## Assignment
Retype the lines from the one containing "hummingbird vector in white background" through the last line of the entries below, exactly and in full, omitting every image.

## Image-text web data
- Opening Delimiter -

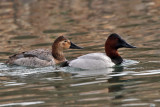 IMG_6856 Canvasback.jpg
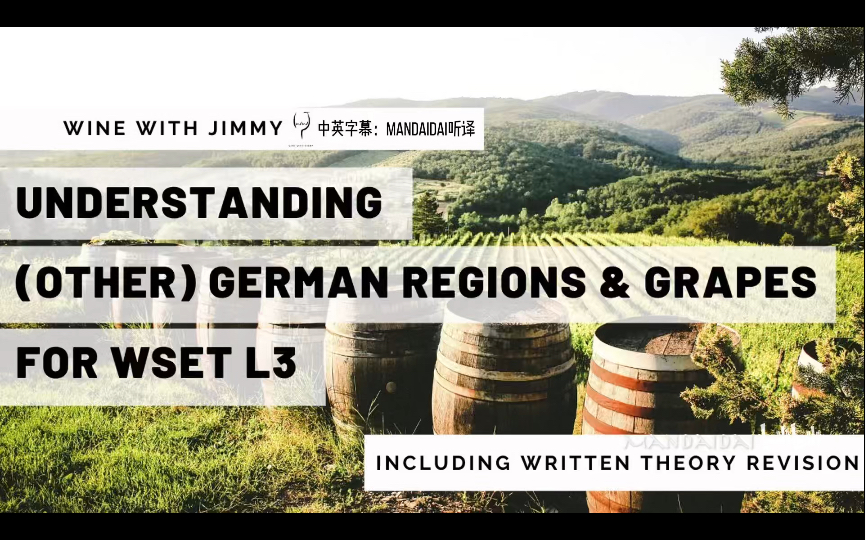 [中英字幕] 德国其他产区及品种|WSET三级|WWJ Other German Regions & Grapes哔哩哔哩bilibili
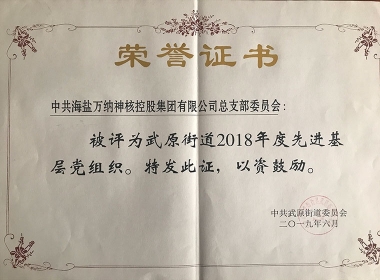 2018年度先进下层党组织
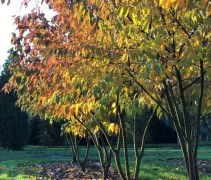 Prunus serr. Shirofugen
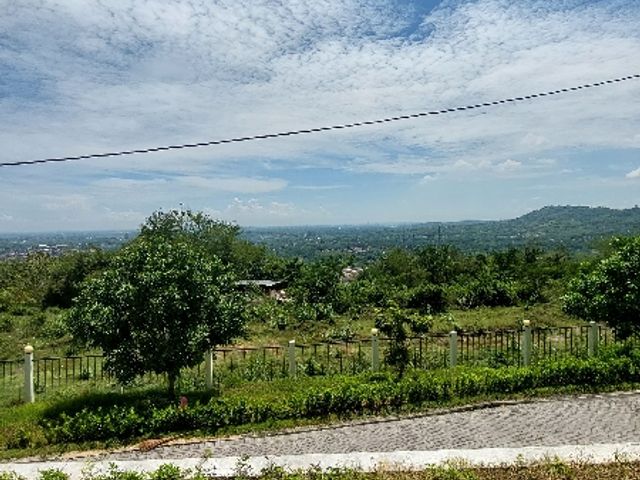 place photo 9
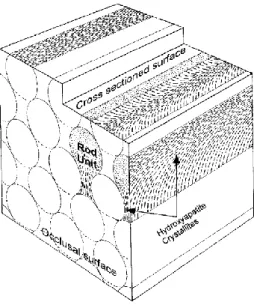 Fig. 1. Ilustração esquemática da forma de buraco de fechadura da estrutura  prismática do esmalte (He &amp; Swain, 2009)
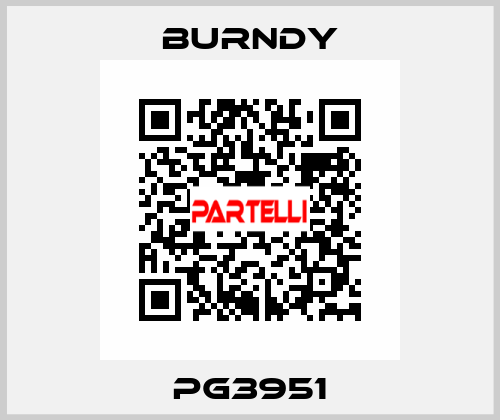PG3951 Burndy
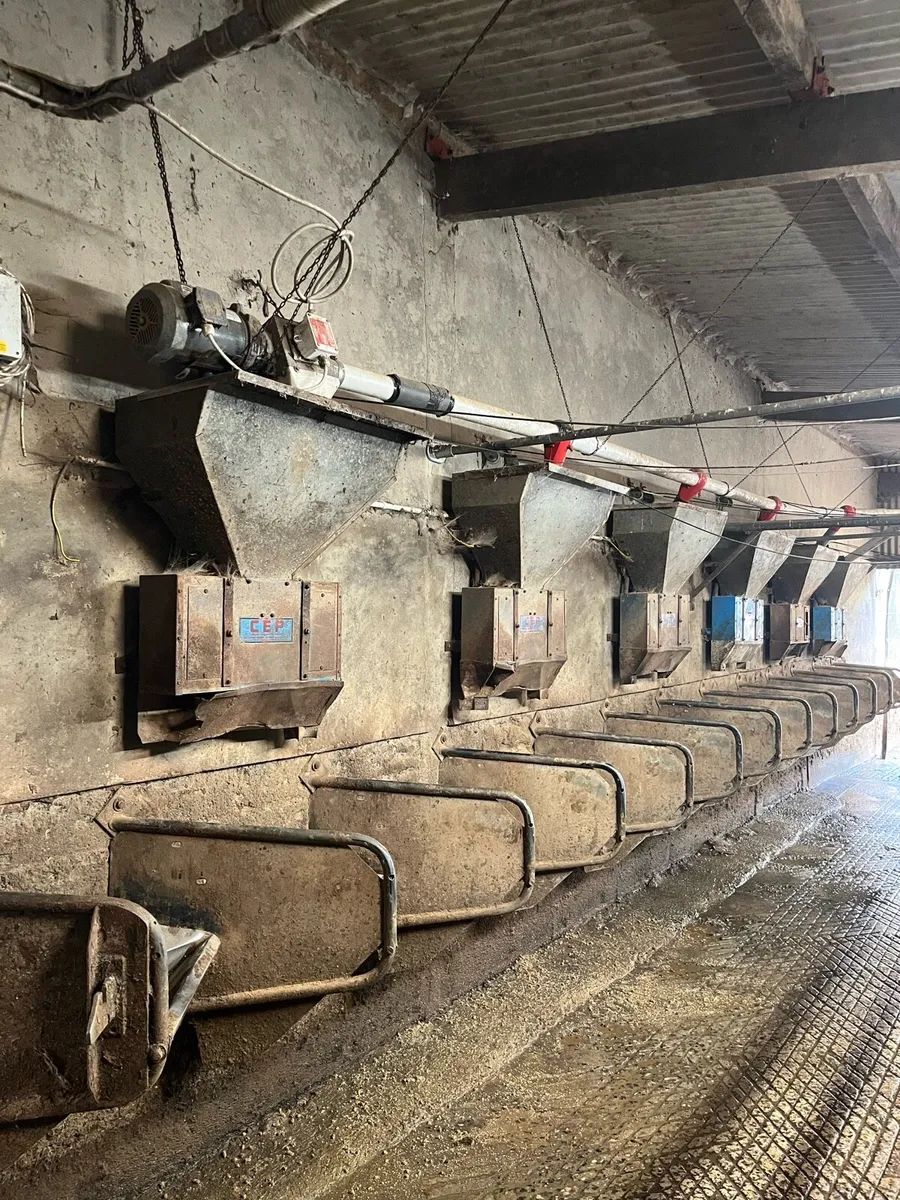 12 cashman feeders - Image 1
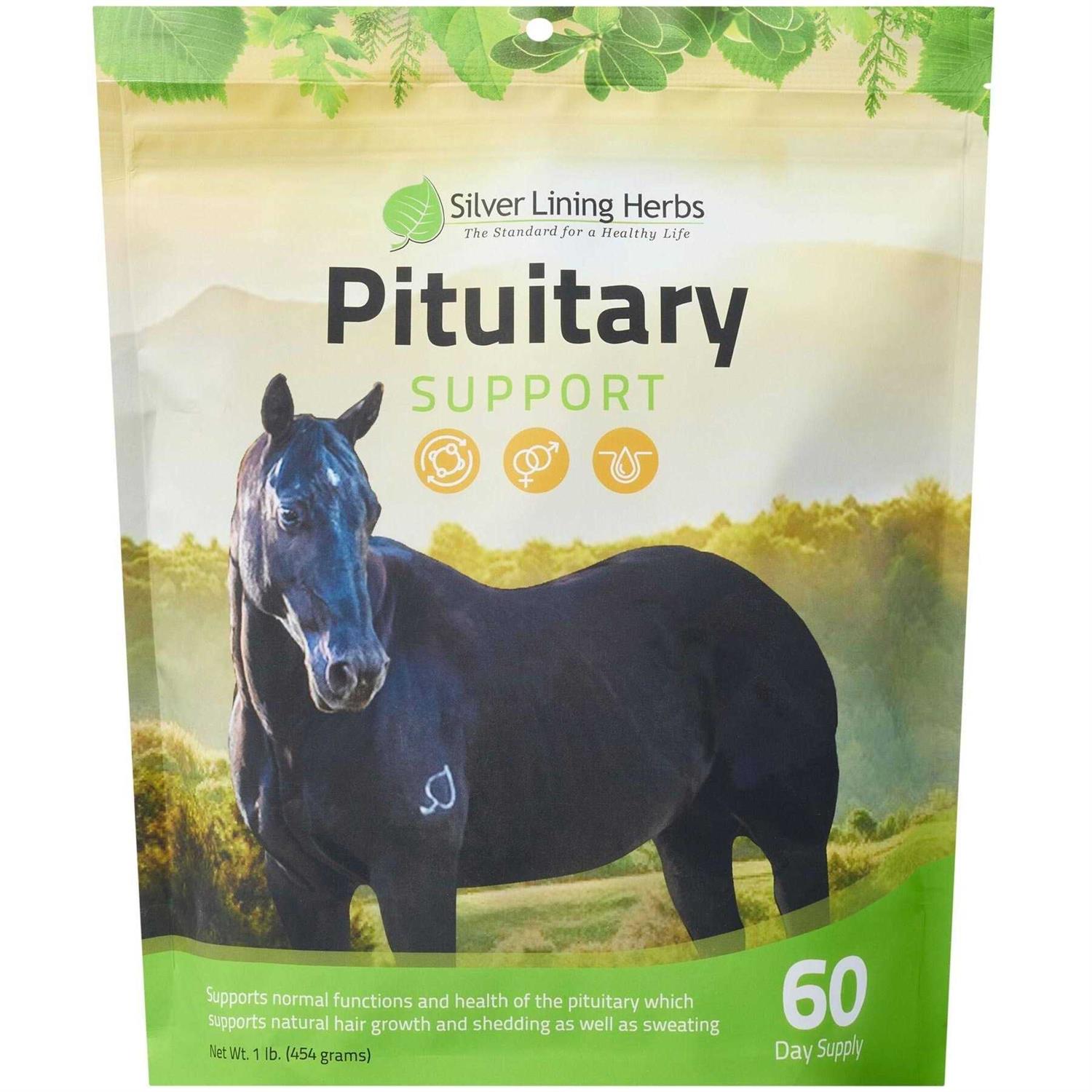 Silver Lining Herbs 28 Pituitary Support - Sports Supplies Online Store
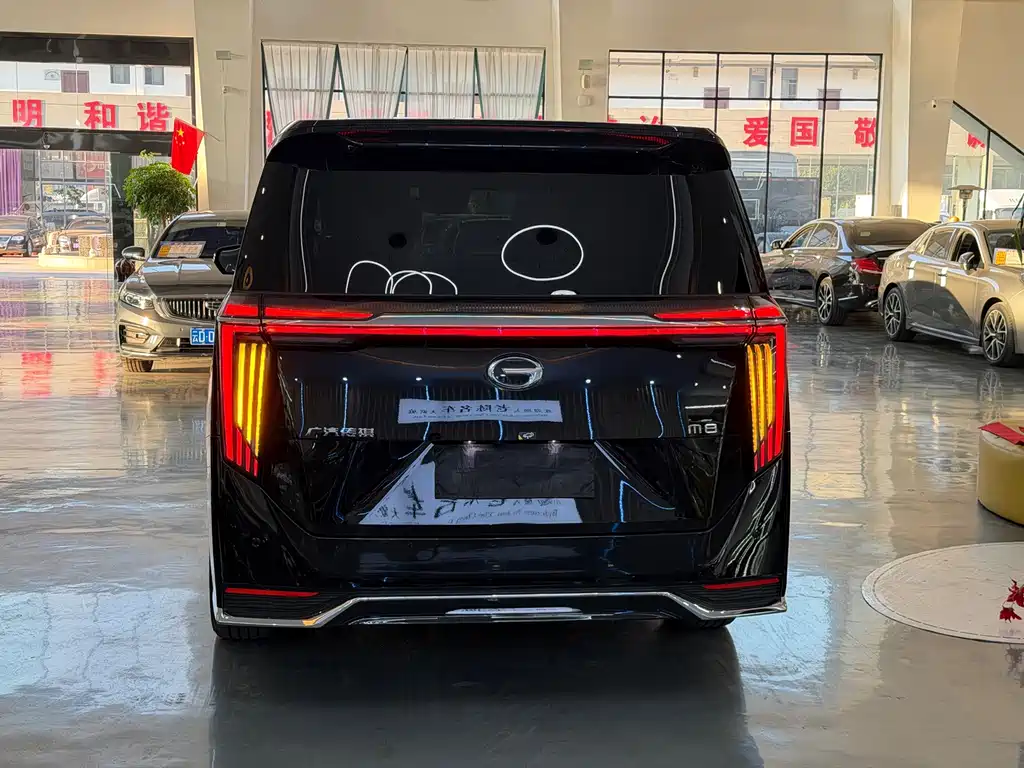 GAC Motor Trumpchi M8 — миниатюра 10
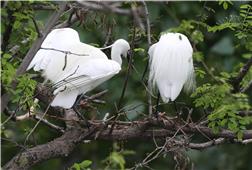 “夫妻携手”建乐园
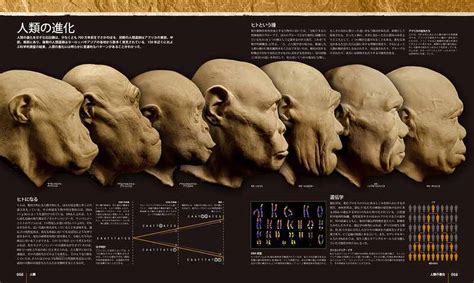 『人類の進化 大図鑑（アリス・ロバーツ 編著 ／ アドリー＆アルフォンス・ケニス兄弟 作品 ／ 馬場悠男 監修）』 販売ページ 復刊ドットコム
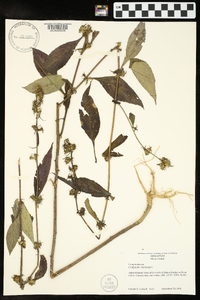 Campanulastrum americanum image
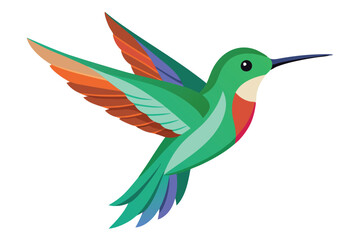 hummingbird vector in white background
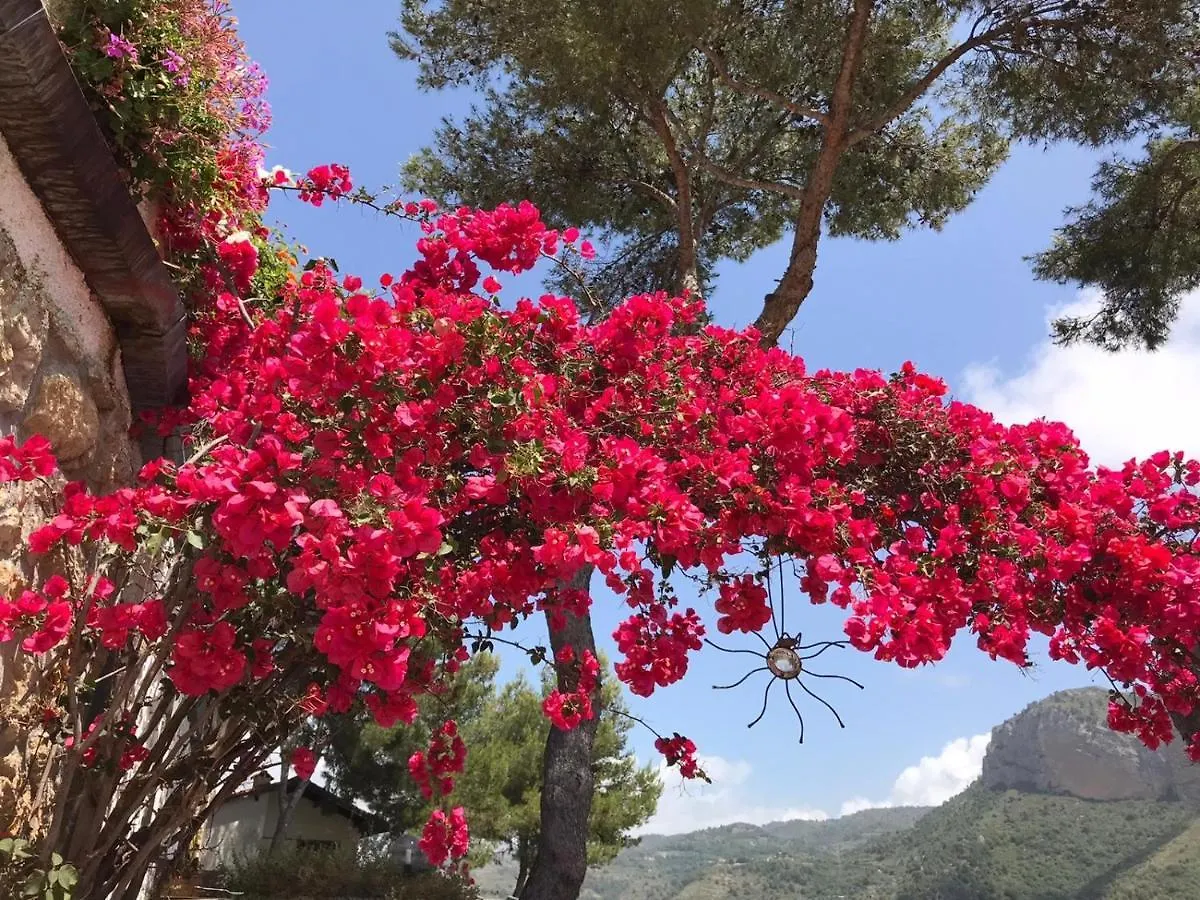 Villaggio Turistico Da Tonino Seglia San Bernardo Aparthotel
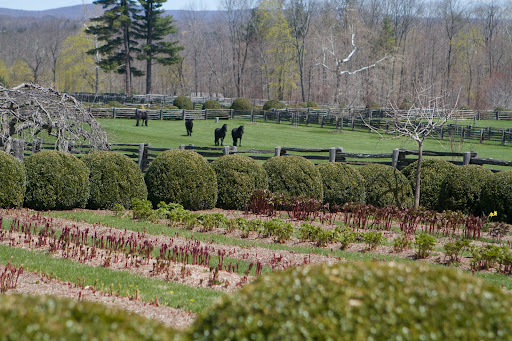 The herbaceous peony bed - After we left the stable, the horses were let out to enjoy the fabulous weather.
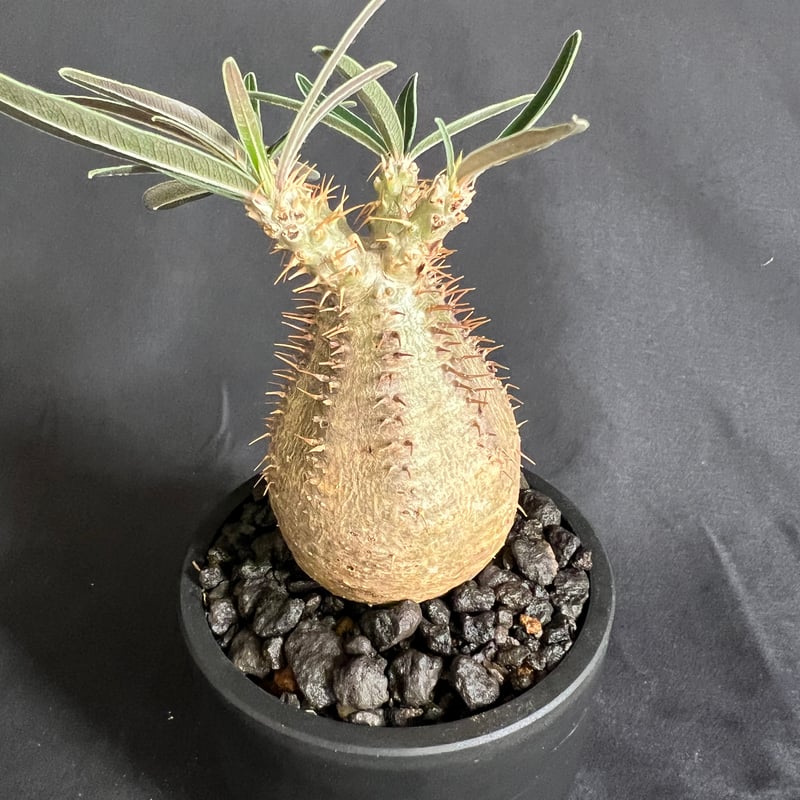 パキポディウムグラキリス 発根済み 14 | HANDS PLANTS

- Closing Delimiter -

## Written answer
 hummingbird vector in white background
 Villaggio Turistico Da Tonino Seglia San Bernardo Aparthotel
 The herbaceous peony bed - After we left the stable, the horses were let out to enjoy the fabulous weather.
 パキポディウムグラキリス 発根済み 14 | HANDS PLANTS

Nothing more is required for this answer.